_REQUIRED ACTION:_ What follows is a set of records; copy all of it exactly.

_MATERIAL PROVIDED:_
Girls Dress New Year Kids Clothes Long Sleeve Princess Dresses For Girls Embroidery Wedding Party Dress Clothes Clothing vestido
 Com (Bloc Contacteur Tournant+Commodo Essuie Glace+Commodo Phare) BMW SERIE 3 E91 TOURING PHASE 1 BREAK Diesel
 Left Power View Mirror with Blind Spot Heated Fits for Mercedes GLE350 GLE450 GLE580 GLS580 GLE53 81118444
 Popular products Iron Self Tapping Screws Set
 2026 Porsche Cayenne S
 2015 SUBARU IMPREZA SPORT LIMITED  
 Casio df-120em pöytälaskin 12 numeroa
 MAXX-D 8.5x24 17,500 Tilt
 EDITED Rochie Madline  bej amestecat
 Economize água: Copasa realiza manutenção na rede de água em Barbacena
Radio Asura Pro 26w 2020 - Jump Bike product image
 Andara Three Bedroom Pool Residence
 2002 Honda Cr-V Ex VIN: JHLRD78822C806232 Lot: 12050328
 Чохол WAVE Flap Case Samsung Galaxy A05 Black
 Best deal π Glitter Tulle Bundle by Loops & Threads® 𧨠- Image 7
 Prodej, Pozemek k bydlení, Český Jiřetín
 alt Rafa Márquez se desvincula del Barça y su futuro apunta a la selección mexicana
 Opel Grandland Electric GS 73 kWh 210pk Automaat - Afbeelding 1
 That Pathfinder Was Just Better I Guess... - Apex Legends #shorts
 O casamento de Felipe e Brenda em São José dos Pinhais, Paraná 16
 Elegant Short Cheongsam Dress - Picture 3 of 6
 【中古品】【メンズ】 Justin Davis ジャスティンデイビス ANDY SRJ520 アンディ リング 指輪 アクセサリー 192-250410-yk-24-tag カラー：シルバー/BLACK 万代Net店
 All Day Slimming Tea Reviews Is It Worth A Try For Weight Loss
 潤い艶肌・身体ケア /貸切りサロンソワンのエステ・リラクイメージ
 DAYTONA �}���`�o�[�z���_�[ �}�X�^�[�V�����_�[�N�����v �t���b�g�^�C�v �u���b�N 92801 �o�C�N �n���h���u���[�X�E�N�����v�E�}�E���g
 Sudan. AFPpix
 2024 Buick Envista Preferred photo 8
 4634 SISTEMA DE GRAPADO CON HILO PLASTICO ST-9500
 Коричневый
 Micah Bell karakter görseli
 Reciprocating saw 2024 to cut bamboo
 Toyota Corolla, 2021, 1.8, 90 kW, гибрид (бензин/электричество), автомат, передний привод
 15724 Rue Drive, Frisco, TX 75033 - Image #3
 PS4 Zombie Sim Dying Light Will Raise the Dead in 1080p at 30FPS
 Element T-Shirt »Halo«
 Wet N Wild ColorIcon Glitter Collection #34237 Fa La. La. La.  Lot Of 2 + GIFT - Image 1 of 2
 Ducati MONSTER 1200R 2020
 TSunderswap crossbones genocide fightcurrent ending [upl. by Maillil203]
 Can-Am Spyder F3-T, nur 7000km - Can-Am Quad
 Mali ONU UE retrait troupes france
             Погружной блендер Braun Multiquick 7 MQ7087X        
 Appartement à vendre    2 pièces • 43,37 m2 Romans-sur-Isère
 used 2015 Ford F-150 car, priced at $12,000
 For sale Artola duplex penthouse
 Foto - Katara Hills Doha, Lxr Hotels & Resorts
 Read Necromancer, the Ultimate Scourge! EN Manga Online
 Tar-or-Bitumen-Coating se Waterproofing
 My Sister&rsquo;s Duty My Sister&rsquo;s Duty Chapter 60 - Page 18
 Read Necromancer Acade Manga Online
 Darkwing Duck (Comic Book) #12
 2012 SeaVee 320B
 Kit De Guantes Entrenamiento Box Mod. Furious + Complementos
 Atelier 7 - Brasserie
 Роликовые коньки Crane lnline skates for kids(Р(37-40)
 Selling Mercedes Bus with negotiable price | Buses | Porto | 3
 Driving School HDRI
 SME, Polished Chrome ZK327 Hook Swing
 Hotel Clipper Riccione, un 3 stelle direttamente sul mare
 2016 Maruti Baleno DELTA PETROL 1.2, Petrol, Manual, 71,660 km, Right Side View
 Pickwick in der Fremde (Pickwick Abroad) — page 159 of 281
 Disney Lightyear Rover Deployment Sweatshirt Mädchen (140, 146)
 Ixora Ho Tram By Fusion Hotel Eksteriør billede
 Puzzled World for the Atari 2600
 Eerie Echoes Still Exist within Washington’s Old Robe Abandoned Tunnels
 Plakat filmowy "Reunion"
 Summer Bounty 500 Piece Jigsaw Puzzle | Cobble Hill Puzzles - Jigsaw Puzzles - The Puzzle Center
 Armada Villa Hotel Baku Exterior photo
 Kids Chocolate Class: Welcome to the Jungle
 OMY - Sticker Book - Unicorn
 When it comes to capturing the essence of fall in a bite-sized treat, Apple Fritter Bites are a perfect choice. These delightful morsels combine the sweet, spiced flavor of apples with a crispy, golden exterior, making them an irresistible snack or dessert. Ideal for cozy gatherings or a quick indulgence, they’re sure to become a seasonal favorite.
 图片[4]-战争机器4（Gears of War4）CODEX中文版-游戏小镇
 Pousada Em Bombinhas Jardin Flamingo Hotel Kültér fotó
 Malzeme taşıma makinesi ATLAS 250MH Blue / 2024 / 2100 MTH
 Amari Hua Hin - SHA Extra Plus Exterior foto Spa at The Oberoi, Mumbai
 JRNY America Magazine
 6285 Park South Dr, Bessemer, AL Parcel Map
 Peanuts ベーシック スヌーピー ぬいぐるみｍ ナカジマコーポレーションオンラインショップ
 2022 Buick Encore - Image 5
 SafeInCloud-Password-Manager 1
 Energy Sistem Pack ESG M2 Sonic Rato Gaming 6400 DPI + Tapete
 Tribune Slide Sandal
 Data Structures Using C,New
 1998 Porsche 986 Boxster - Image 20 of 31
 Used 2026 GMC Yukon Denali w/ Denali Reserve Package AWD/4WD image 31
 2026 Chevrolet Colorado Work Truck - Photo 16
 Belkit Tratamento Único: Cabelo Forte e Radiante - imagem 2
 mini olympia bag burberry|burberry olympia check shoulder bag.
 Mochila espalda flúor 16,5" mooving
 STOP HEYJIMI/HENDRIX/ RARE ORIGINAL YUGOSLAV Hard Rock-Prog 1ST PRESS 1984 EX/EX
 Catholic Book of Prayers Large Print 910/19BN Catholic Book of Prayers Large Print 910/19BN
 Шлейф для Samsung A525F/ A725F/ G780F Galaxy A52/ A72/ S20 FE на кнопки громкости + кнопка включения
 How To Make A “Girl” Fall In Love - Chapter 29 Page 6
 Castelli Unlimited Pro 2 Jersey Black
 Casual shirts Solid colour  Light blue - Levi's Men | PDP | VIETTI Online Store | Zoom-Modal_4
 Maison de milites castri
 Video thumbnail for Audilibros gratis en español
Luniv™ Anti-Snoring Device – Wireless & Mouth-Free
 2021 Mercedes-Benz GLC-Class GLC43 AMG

_SOLUTION:_
Girls Dress New Year Kids Clothes Long Sleeve Princess Dresses For Girls Embroidery Wedding Party Dress Clothes Clothing vestido
 Com (Bloc Contacteur Tournant+Commodo Essuie Glace+Commodo Phare) BMW SERIE 3 E91 TOURING PHASE 1 BREAK Diesel
 Left Power View Mirror with Blind Spot Heated Fits for Mercedes GLE350 GLE450 GLE580 GLS580 GLE53 81118444
 Popular products Iron Self Tapping Screws Set
 2026 Porsche Cayenne S
 2015 SUBARU IMPREZA SPORT LIMITED  
 Casio df-120em pöytälaskin 12 numeroa
 MAXX-D 8.5x24 17,500 Tilt
 EDITED Rochie Madline  bej amestecat
 Economize água: Copasa realiza manutenção na rede de água em Barbacena
Radio Asura Pro 26w 2020 - Jump Bike product image
 Andara Three Bedroom Pool Residence
 2002 Honda Cr-V Ex VIN: JHLRD78822C806232 Lot: 12050328
 Чохол WAVE Flap Case Samsung Galaxy A05 Black
 Best deal π Glitter Tulle Bundle by Loops & Threads® 𧨠- Image 7
 Prodej, Pozemek k bydlení, Český Jiřetín
 alt Rafa Márquez se desvincula del Barça y su futuro apunta a la selección mexicana
 Opel Grandland Electric GS 73 kWh 210pk Automaat - Afbeelding 1
 That Pathfinder Was Just Better I Guess... - Apex Legends #shorts
 O casamento de Felipe e Brenda em São José dos Pinhais, Paraná 16
 Elegant Short Cheongsam Dress - Picture 3 of 6
 【中古品】【メンズ】 Justin Davis ジャスティンデイビス ANDY SRJ520 アンディ リング 指輪 アクセサリー 192-250410-yk-24-tag カラー：シルバー/BLACK 万代Net店
 All Day Slimming Tea Reviews Is It Worth A Try For Weight Loss
 潤い艶肌・身体ケア /貸切りサロンソワンのエステ・リラクイメージ
 DAYTONA �}���`�o�[�z���_�[ �}�X�^�[�V�����_�[�N�����v �t���b�g�^�C�v �u���b�N 92801 �o�C�N �n���h���u���[�X�E�N�����v�E�}�E���g
 Sudan. AFPpix
 2024 Buick Envista Preferred photo 8
 4634 SISTEMA DE GRAPADO CON HILO PLASTICO ST-9500
 Коричневый
 Micah Bell karakter görseli
 Reciprocating saw 2024 to cut bamboo
 Toyota Corolla, 2021, 1.8, 90 kW, гибрид (бензин/электричество), автомат, передний привод
 15724 Rue Drive, Frisco, TX 75033 - Image #3
 PS4 Zombie Sim Dying Light Will Raise the Dead in 1080p at 30FPS
 Element T-Shirt »Halo«
 Wet N Wild ColorIcon Glitter Collection #34237 Fa La. La. La.  Lot Of 2 + GIFT - Image 1 of 2
 Ducati MONSTER 1200R 2020
 TSunderswap crossbones genocide fightcurrent ending [upl. by Maillil203]
 Can-Am Spyder F3-T, nur 7000km - Can-Am Quad
 Mali ONU UE retrait troupes france
             Погружной блендер Braun Multiquick 7 MQ7087X        
 Appartement à vendre    2 pièces • 43,37 m2 Romans-sur-Isère
 used 2015 Ford F-150 car, priced at $12,000
 For sale Artola duplex penthouse
 Foto - Katara Hills Doha, Lxr Hotels & Resorts
 Read Necromancer, the Ultimate Scourge! EN Manga Online
 Tar-or-Bitumen-Coating se Waterproofing
 My Sister&rsquo;s Duty My Sister&rsquo;s Duty Chapter 60 - Page 18
 Read Necromancer Acade Manga Online
 Darkwing Duck (Comic Book) #12
 2012 SeaVee 320B
 Kit De Guantes Entrenamiento Box Mod. Furious + Complementos
 Atelier 7 - Brasserie
 Роликовые коньки Crane lnline skates for kids(Р(37-40)
 Selling Mercedes Bus with negotiable price | Buses | Porto | 3
 Driving School HDRI
 SME, Polished Chrome ZK327 Hook Swing
 Hotel Clipper Riccione, un 3 stelle direttamente sul mare
 2016 Maruti Baleno DELTA PETROL 1.2, Petrol, Manual, 71,660 km, Right Side View
 Pickwick in der Fremde (Pickwick Abroad) — page 159 of 281
 Disney Lightyear Rover Deployment Sweatshirt Mädchen (140, 146)
 Ixora Ho Tram By Fusion Hotel Eksteriør billede
 Puzzled World for the Atari 2600
 Eerie Echoes Still Exist within Washington’s Old Robe Abandoned Tunnels
 Plakat filmowy "Reunion"
 Summer Bounty 500 Piece Jigsaw Puzzle | Cobble Hill Puzzles - Jigsaw Puzzles - The Puzzle Center
 Armada Villa Hotel Baku Exterior photo
 Kids Chocolate Class: Welcome to the Jungle
 OMY - Sticker Book - Unicorn
 When it comes to capturing the essence of fall in a bite-sized treat, Apple Fritter Bites are a perfect choice. These delightful morsels combine the sweet, spiced flavor of apples with a crispy, golden exterior, making them an irresistible snack or dessert. Ideal for cozy gatherings or a quick indulgence, they’re sure to become a seasonal favorite.
 图片[4]-战争机器4（Gears of War4）CODEX中文版-游戏小镇
 Pousada Em Bombinhas Jardin Flamingo Hotel Kültér fotó
 Malzeme taşıma makinesi ATLAS 250MH Blue / 2024 / 2100 MTH
 Amari Hua Hin - SHA Extra Plus Exterior foto Spa at The Oberoi, Mumbai
 JRNY America Magazine
 6285 Park South Dr, Bessemer, AL Parcel Map
 Peanuts ベーシック スヌーピー ぬいぐるみｍ ナカジマコーポレーションオンラインショップ
 2022 Buick Encore - Image 5
 SafeInCloud-Password-Manager 1
 Energy Sistem Pack ESG M2 Sonic Rato Gaming 6400 DPI + Tapete
 Tribune Slide Sandal
 Data Structures Using C,New
 1998 Porsche 986 Boxster - Image 20 of 31
 Used 2026 GMC Yukon Denali w/ Denali Reserve Package AWD/4WD image 31
 2026 Chevrolet Colorado Work Truck - Photo 16
 Belkit Tratamento Único: Cabelo Forte e Radiante - imagem 2
 mini olympia bag burberry|burberry olympia check shoulder bag.
 Mochila espalda flúor 16,5" mooving
 STOP HEYJIMI/HENDRIX/ RARE ORIGINAL YUGOSLAV Hard Rock-Prog 1ST PRESS 1984 EX/EX
 Catholic Book of Prayers Large Print 910/19BN Catholic Book of Prayers Large Print 910/19BN
 Шлейф для Samsung A525F/ A725F/ G780F Galaxy A52/ A72/ S20 FE на кнопки громкости + кнопка включения
 How To Make A “Girl” Fall In Love - Chapter 29 Page 6
 Castelli Unlimited Pro 2 Jersey Black
 Casual shirts Solid colour  Light blue - Levi's Men | PDP | VIETTI Online Store | Zoom-Modal_4
 Maison de milites castri
 Video thumbnail for Audilibros gratis en español
Luniv™ Anti-Snoring Device – Wireless & Mouth-Free
 2021 Mercedes-Benz GLC-Class GLC43 AMG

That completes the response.